Dr Roberto De Lisa, Clinical Pharmacologist, joined the EMA in 2006. Since then he held various positions in Medical Information and Pharmacovigilance working for the CHMP Pharmacovigilance Working Party (PhVWP) and the Pharmacovigilance Assessment Committee (PRAC). As of 2015 he joined the Paediatric Office working as Paediatric Coordinator with a special interest in paediatric pharmacovigilance. Prior to joining the EMA, Dr De Lisa worked for the University Hospital San Giovanni di Dio in Cagliari for 5 years, conducting clinical trials and participating in the activities of the local Ethic Committee and in the creation of the Pharmacovigilance Centre. He obtained a Master Degree in PharmacoEconomics from the University of Milan in 2005.

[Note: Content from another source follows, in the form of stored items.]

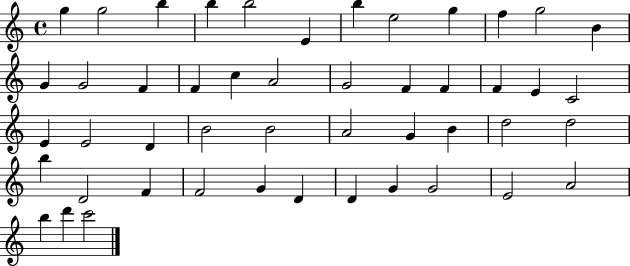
{
  \clef treble
  \time 4/4
  \defaultTimeSignature
  \key c \major
  g''4 g''2 b''4 | b''4 b''2 e'4 | b''4 e''2 g''4 | f''4 g''2 b'4 | \break g'4 g'2 f'4 | f'4 c''4 a'2 | g'2 f'4 f'4 | f'4 e'4 c'2 | \break e'4 e'2 d'4 | b'2 b'2 | a'2 g'4 b'4 | d''2 d''2 | \break b''4 d'2 f'4 | f'2 g'4 d'4 | d'4 g'4 g'2 | e'2 a'2 | \break b''4 d'''4 c'''2 | \bar "|."
} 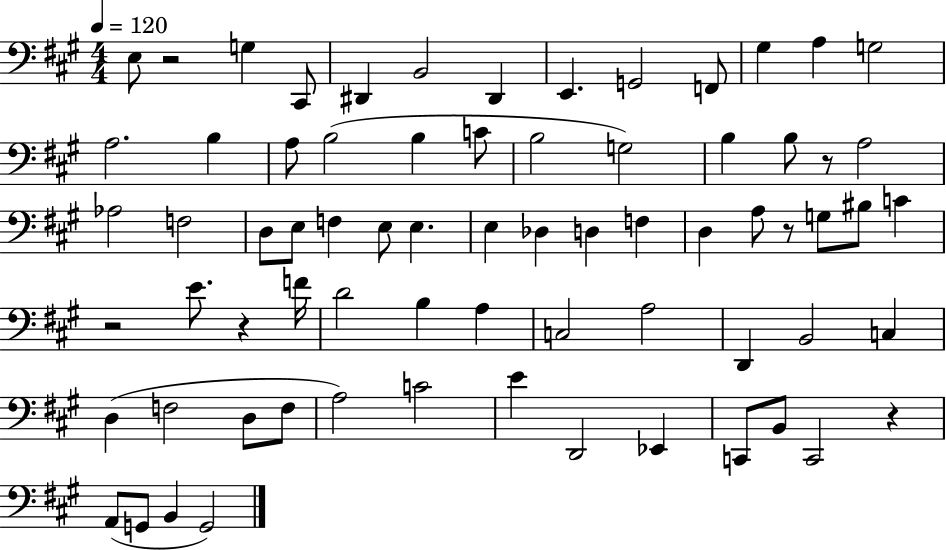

Mette is Managing Director of "PIP Adviser" which provides expert regulatory advice on PIPs and PSPs. She has a background in authorities & industry. In the Danish Medicines Agency (2000-2006), she was nonclinical assessor of MAAs and EU Scientific Advice. She was member of the SWP, Gene Therapy WP, Biosimilar WP and PGWP and a rapporteur for CHMP and ICH guidelines. As Scientific Officer in EMA, Mette handled PIP procedures with PDCO, was in the FDA-EMA paediatric cluster and established the PDCO Nonclinical Expert Group. In Novo Nordisk (2009-2017), Mette lead all PIP/PSP procedures, was paediatric strategy advisor across the company and was in the EFPIA paed group. Mette also spent a year as Senior Director in Shionogi, London.